6. Binge Eating Disorder is, as of now, what’s called a “criteria set.” The American Psychiatric Association has recognized the condition as one which warrants further empirical attention, and it’s quite possible, that by the next revision of the DSM (supposedly in 2010), Binge Eating Disorder will be recognized as its own diagnosable (read: reimbursable) condition. Other disorders similarly on deck include: Premenstrual Dysphoric Disorder (now coded under a type of depression), Mixed Anxiety-Depressive Disorder, and Caffeine Withdrawal.

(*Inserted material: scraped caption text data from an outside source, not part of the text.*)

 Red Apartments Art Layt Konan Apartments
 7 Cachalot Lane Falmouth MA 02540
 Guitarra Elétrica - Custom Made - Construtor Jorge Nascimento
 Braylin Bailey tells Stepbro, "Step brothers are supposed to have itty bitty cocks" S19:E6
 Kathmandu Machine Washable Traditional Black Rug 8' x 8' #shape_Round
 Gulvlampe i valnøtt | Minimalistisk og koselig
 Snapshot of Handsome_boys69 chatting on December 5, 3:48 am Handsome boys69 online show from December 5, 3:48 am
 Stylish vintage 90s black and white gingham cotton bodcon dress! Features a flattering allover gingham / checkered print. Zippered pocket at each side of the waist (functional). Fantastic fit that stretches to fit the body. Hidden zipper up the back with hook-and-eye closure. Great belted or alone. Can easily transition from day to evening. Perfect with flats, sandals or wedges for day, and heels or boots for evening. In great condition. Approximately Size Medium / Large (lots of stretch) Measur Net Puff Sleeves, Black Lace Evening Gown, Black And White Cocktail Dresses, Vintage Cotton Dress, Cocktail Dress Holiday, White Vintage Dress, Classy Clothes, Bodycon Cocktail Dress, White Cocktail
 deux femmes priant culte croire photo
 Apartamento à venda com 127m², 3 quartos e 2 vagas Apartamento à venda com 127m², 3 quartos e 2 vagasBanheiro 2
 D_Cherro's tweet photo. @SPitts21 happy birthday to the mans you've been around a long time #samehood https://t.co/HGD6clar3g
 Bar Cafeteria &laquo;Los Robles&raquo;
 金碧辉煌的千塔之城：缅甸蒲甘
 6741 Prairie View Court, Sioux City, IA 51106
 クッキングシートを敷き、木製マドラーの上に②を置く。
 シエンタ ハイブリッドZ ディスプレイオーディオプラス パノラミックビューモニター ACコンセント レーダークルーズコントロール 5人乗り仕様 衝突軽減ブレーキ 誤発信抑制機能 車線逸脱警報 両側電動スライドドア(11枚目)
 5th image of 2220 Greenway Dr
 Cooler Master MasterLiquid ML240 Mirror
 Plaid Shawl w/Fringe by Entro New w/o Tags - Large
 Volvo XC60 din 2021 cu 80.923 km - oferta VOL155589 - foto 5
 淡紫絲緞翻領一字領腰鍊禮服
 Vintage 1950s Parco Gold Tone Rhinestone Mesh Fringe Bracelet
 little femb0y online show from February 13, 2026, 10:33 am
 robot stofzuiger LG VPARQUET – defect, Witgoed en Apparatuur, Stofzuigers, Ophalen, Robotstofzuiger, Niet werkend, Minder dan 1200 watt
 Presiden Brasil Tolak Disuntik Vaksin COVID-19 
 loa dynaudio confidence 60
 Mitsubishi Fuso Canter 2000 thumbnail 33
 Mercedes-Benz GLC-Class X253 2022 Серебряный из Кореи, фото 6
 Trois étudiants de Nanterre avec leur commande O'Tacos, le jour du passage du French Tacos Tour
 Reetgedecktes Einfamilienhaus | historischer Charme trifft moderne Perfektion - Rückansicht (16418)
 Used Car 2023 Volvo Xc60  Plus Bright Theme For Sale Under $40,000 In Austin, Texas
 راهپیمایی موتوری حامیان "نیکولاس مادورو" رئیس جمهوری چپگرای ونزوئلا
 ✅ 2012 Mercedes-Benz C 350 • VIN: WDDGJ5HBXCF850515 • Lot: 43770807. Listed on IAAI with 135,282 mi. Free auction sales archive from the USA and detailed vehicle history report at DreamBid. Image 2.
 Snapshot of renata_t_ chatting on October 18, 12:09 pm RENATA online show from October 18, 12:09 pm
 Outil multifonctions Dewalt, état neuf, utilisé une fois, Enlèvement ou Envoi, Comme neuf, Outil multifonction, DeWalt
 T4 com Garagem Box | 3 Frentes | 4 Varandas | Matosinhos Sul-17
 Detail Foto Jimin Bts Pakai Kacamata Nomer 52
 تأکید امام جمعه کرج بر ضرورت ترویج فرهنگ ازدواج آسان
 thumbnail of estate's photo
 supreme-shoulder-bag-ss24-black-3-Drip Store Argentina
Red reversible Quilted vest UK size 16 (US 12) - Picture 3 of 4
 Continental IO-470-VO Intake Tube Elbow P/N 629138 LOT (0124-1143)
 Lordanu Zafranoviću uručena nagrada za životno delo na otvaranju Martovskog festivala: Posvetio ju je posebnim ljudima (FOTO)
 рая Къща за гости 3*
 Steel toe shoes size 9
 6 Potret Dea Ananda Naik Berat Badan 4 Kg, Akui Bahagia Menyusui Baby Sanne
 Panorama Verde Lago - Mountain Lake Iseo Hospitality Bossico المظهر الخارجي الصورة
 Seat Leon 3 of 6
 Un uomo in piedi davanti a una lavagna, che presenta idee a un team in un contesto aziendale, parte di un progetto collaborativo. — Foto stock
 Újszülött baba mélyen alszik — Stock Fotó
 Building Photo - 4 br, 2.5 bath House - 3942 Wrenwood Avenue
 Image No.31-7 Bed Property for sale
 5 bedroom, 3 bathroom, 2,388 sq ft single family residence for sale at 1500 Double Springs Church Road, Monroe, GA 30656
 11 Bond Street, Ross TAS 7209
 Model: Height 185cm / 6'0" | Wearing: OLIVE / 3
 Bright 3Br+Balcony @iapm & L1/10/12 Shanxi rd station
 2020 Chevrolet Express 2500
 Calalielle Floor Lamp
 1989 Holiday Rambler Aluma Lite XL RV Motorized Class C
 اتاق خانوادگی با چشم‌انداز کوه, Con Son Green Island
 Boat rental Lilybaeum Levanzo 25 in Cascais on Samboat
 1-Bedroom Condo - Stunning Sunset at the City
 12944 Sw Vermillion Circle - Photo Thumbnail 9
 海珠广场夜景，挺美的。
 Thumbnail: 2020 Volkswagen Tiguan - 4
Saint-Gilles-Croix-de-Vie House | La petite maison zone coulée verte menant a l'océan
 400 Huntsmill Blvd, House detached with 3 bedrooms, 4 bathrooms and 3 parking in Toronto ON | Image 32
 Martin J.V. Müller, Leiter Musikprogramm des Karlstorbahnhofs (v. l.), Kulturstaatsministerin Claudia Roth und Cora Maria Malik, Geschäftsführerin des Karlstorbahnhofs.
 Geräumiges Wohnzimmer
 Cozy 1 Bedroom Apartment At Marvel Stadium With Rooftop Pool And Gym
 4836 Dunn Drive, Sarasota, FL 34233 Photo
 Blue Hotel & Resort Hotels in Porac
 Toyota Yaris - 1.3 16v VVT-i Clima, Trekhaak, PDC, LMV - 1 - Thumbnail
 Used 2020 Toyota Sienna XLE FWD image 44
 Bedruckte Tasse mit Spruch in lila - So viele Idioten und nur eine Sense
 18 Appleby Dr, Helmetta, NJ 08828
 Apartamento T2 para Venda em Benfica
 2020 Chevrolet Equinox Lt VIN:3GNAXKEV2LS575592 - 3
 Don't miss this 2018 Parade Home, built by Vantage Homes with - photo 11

The list of six examples given above is not intended to be a comprehensive list of all of the symptom constellations that might qualify as EDNOS. Symptom presentations, as individual, may vary, and it is important to recognize that for those who suffer from EDNOS, this is a serious condition no less painful, no less subjectively detrimental, no less of a personal hell than anorexia or bulimia. While it is likely that EDNOS is not as fatal as anorexia or bulimia, EDNOS can still cause substantial ruin. EDNOS can ruin your self-concept. It can ruin relationships. It can ruin your work and your interests. It can still ruin. . . you.

Monday, September 11, 2006

Score One for the Home Team

The rain in Spain falls mainly on the plain—well, not anymore, because (tiny) curves are in in Madrid! AOL News* reports that Spain’s hottest fashion show, Pasarela Cibeles, forbade a number of models from participating this year. . . because they were, oops, too thin. In a surprising example of how Body Mass Indexes can be an effective and reliable health/wellness tool after all, pageant officials calculated models’ indices and dropped each hopeful with a BMI shy of 18.

The show, which features primarily Spanish designers, decided to enact this measure following the aftermath of last year’s show, which featured “bone thin” models. Aghast feminists and medical professionals spoke up, recognizing how parading these forms on the catwalk can fuel national eating-disordered behavior, particularly among young girls. The decision to step in seems to be a collaborative effort of Madrid’s regional government and the Association of Fashion Designers of Spain. AOL readers, it seems, would likely offer their support, as well. In an on-line poll of over 55,000 voters (when I voted), 91% believed that the presence of “ultra-thin” models contributed to the development of eating disorders.

As New York City launches its fall fashion week, I wonder if the U.S. (and other countries) will follow in the Spaniards’ footsteps. After hearing the news, Ryan Brown, of the Elite Modeling Agency in New York, is quoted as saying: “I think it is great to promote health.” Time will tell how many fashion weeks will come and go before such a sentiment is turned into practice on American soil. As for now, Brown notes: “They don't want voluptuous girls any more,” though he adds: “It would be nice if fashion got back to that.” Yes, Mr. Brown, it would.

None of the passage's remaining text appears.